• PROBLEM DESCRIPTION: Type the entries out again exactly as they read, but leave every picture behind.

• RECORDS SHOWN:
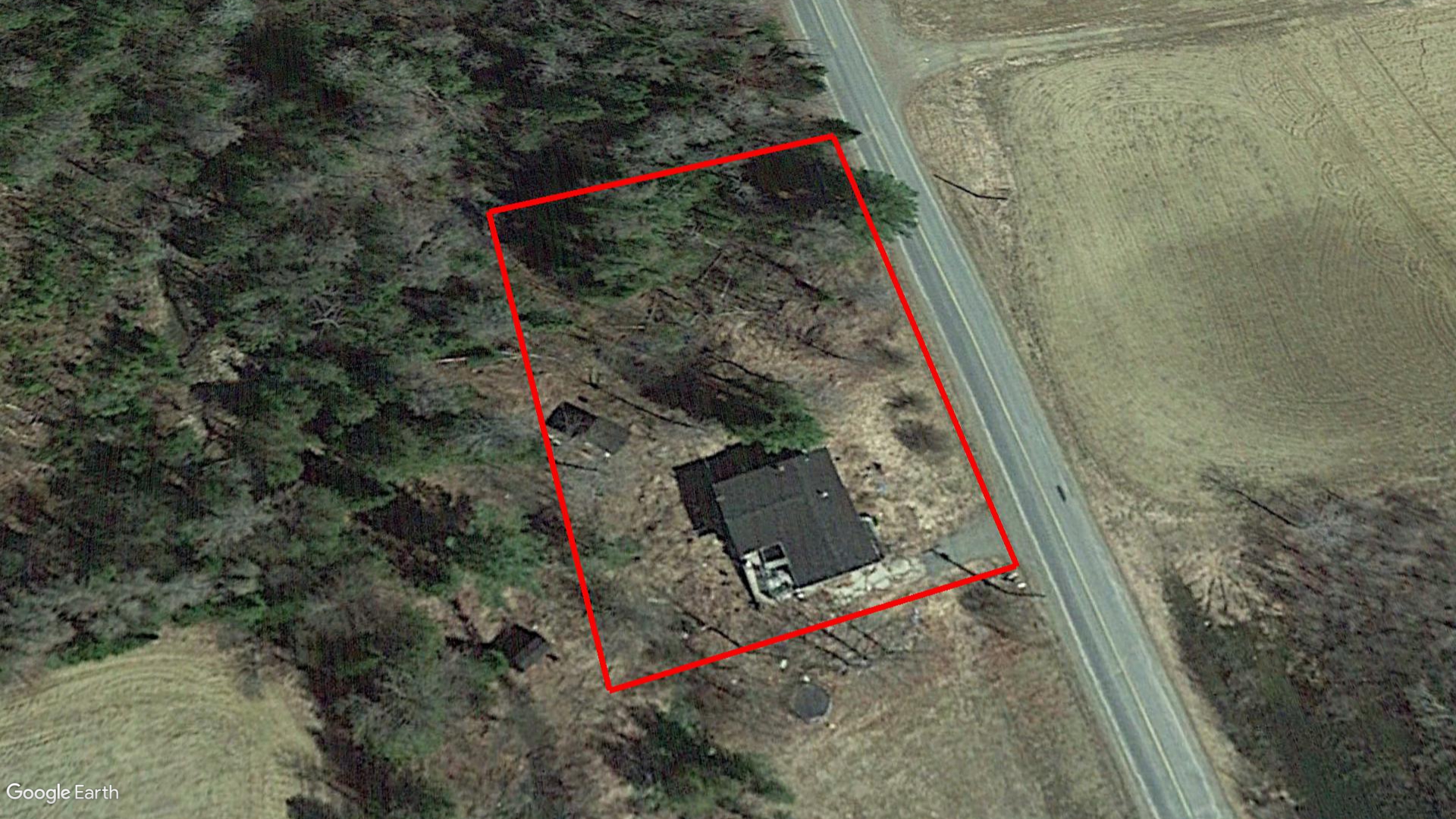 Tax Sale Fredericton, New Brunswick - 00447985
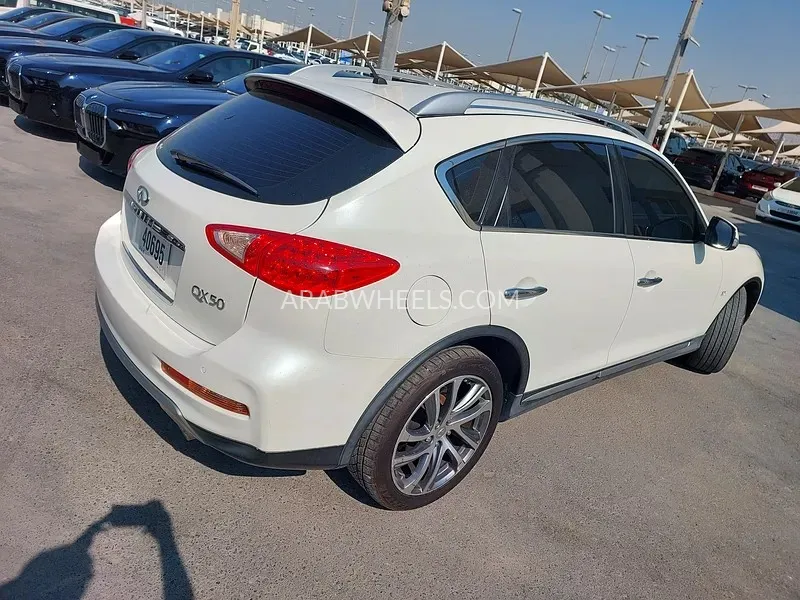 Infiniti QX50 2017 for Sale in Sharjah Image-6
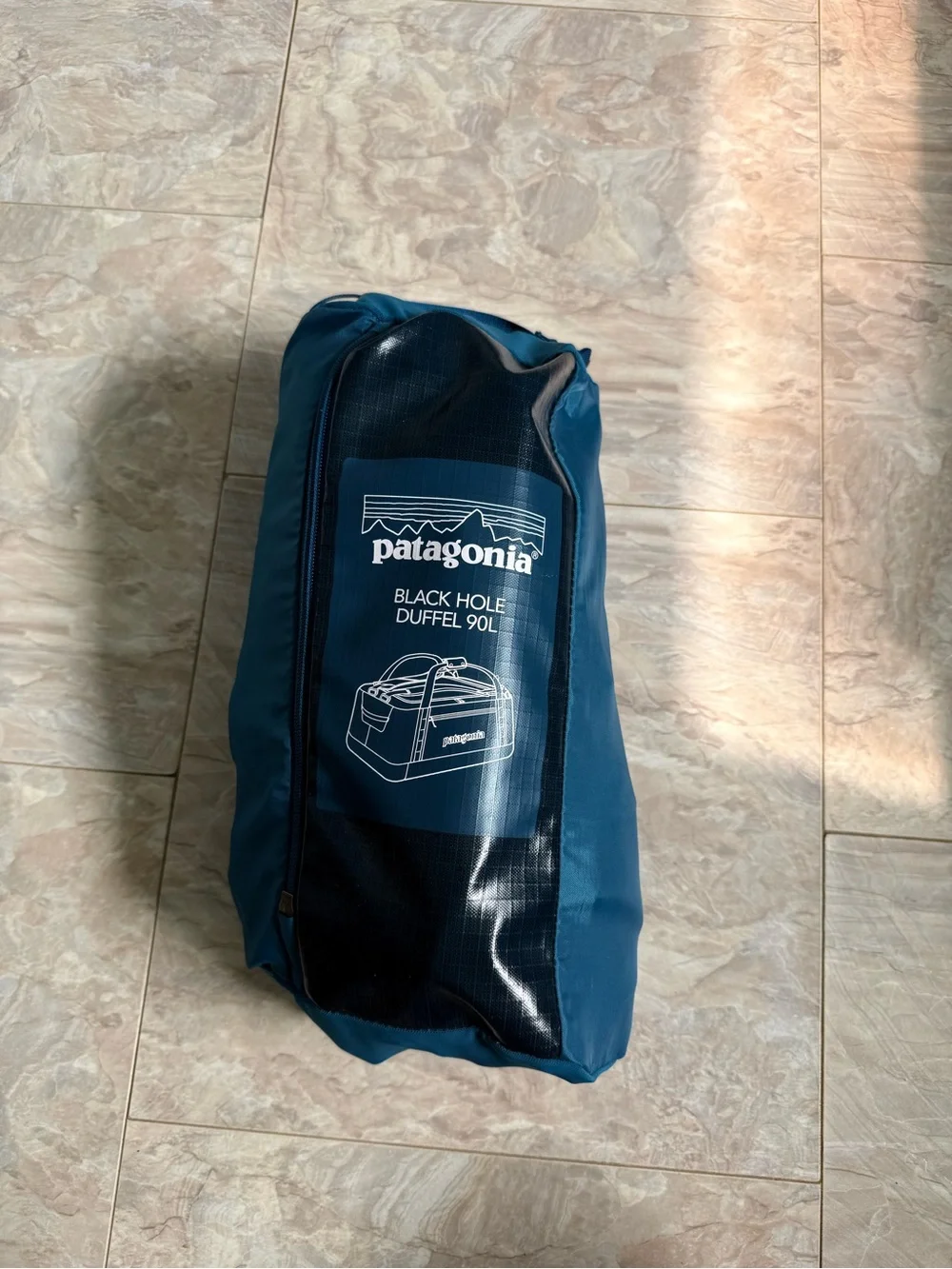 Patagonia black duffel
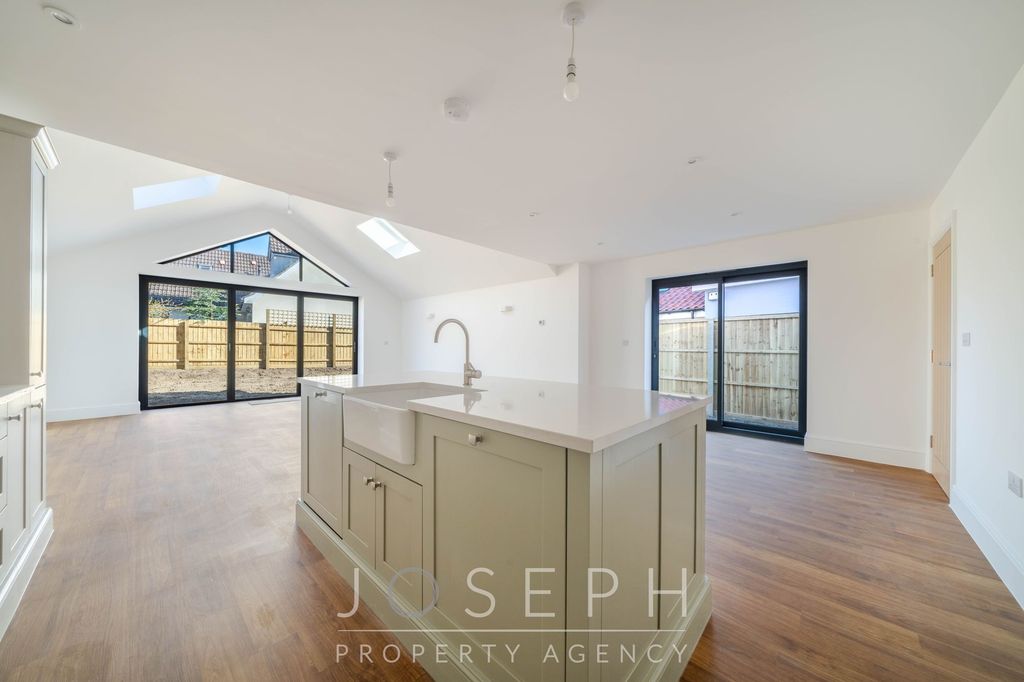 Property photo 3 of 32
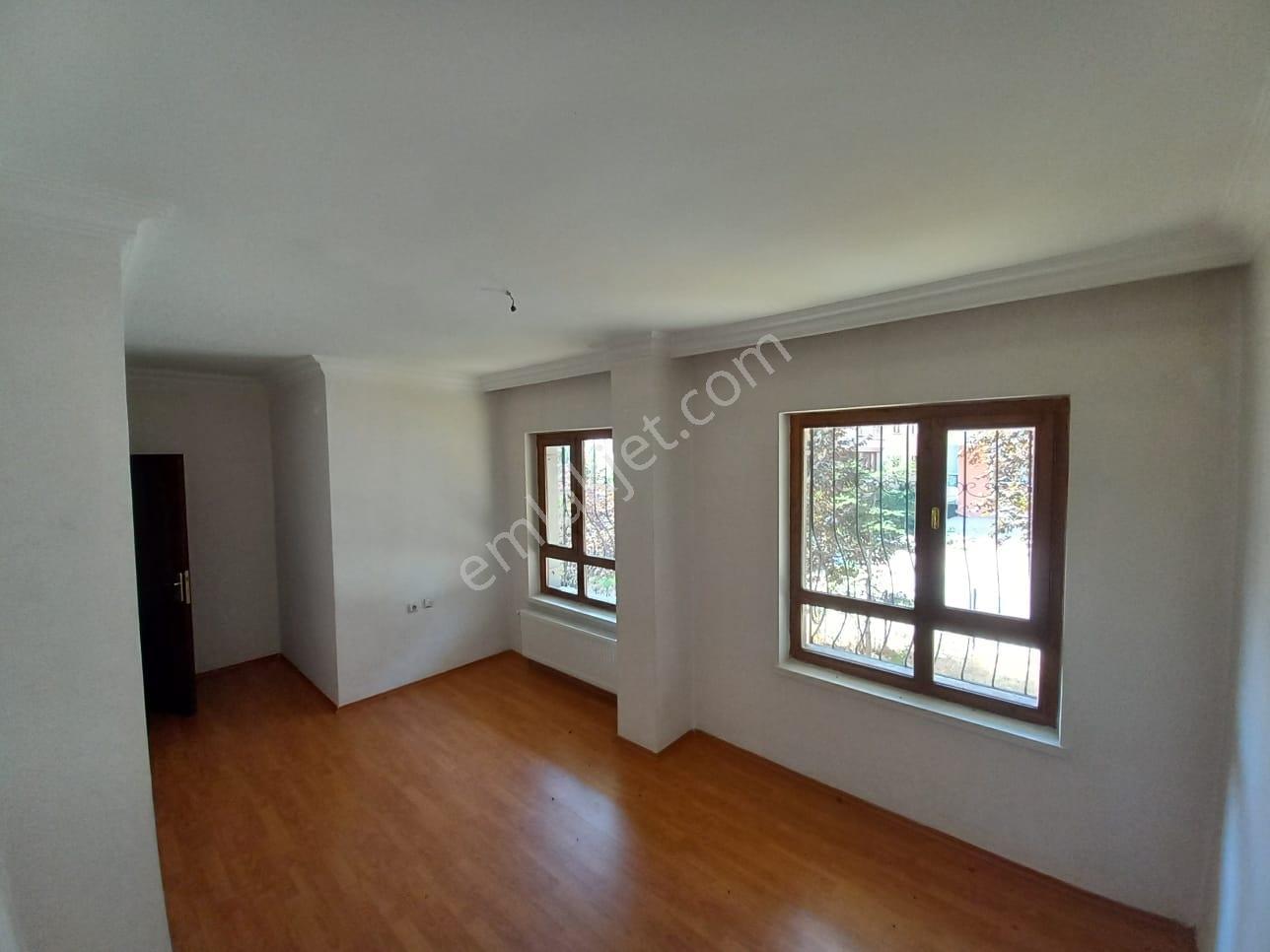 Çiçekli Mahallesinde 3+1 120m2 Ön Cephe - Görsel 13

• RESULT FOR THIS TASK:
 Tax Sale Fredericton, New Brunswick - 00447985
 Infiniti QX50 2017 for Sale in Sharjah Image-6
 Patagonia black duffel
 Property photo 3 of 32
 Çiçekli Mahallesinde 3+1 120m2 Ön Cephe - Görsel 13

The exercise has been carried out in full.